3.4. Computation Details

Conformational searches were carried out via random searching in Sybyl-X 1.1.1 using the MMFF94S forcefield [28]. The conformers obtained in an energy window of 10 kcal·mol⁻¹ were further applied to geometrical optimization and minimization using the B3LYP/6-31G(d,p) level in the gas phase in Gaussian 09. Subsequently, NMR chemical shift calculations were conducted using gauge-independent atomic orbitals (GIAO) method at the mPW1PW91/6-311G(d,p)/CPCM level in MeOH (1 and 2) [9]. The shielding constants were converted into unscaled chemical shifts (δ_u) by referencing TMS (δ_u = σ_TMS − σ_Cal), where the σ_TMS was the shielding constant of TMS calculated at the same level. The NMR chemical shifts of the isomers were obtained by Boltzmann averaging the ¹H and ¹³C NMR chemical shifts of the stable conformers. The calculated NMR properties of optimized structures were averaged based upon their respective Boltzmann populations, and calculations of DP4+ probability analysis were facilitated by the Excel sheet (DP4+) provided by Grimblat et al. [8]. In the part of ECD calculation, the optimized conformers were calculated using the time-dependent density functional theory (TD-DFT) method at the B3LYP/6-311+G(d,p) level in MeOH. The ECD curves were simulated on the basis of rotatory strengths using SpecDis v1.71 with a half-band of 0.3 eV and averaged according to the Boltzmann distribution [29].

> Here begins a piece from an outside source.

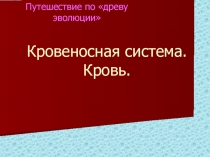 Кровеносная система. Кровь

3.5. GLUT-4 Translocation Assay

Construction of myc-GLUT4-mOrange plasmid and cell line were performed as described previously. Myc-GLUT4-mOrange-L6 cells were cultured on glass coverslips for 12 h, and then L6 myoblasts were differentiated to L6 myotubes. Cells were starved in a PSS solution for 2 h. After starvation, mOrange fluorescence was detected by laser-scanning confocal microscopy at an excitation wavelength of 555 nm. Images were taken after addition of tested samples (10 μg/mL), insulin (10 nM) or normal control (NC) (0.1% DMSO) for 30 min using 555 nm excitation laser. Zen 2010 Software (Carl Zeiss, Jena, Germany) was used to analyze the fluorescence intensity of mOrange [30].

4. Conclusions

In conclusion, a phytochemical investigation of the dry roots of S. davidii yielded one unprecedented new prenylated flavanone, davidone F (1), with a novel seven-membered oxygen ring, one new prenylated flavanonol, davidone G (2), along with 11 known flavonoids: 3,4′,7-trihydroxyflavanone (3), liquiritigenin (4), 4′-methylisoliquiritigenin (5), isoliquiritigenin (6), genistein (7), 6-methyl-genistein (8), 7,4′-dihydroxy-3′,5′-dimethoxyisoflavone (9), 3′-methoxy-daidzein (10), calycosin (11), 7-methoxy-daidzein (12) and kaempferol (13). Their structures and absolute configurations were determined by HRESIMS, 1D/2D NMR, NMR and ECD calculations. Davidone F (1) and davidone G (2) showed moderate GLUT-4 translocation activity with 1.64 and 1.79 folds enhancement, respectively. This study suggests that prenylated flavonoids could serve as a lead structure for the development of novel anti-diabetic drugs.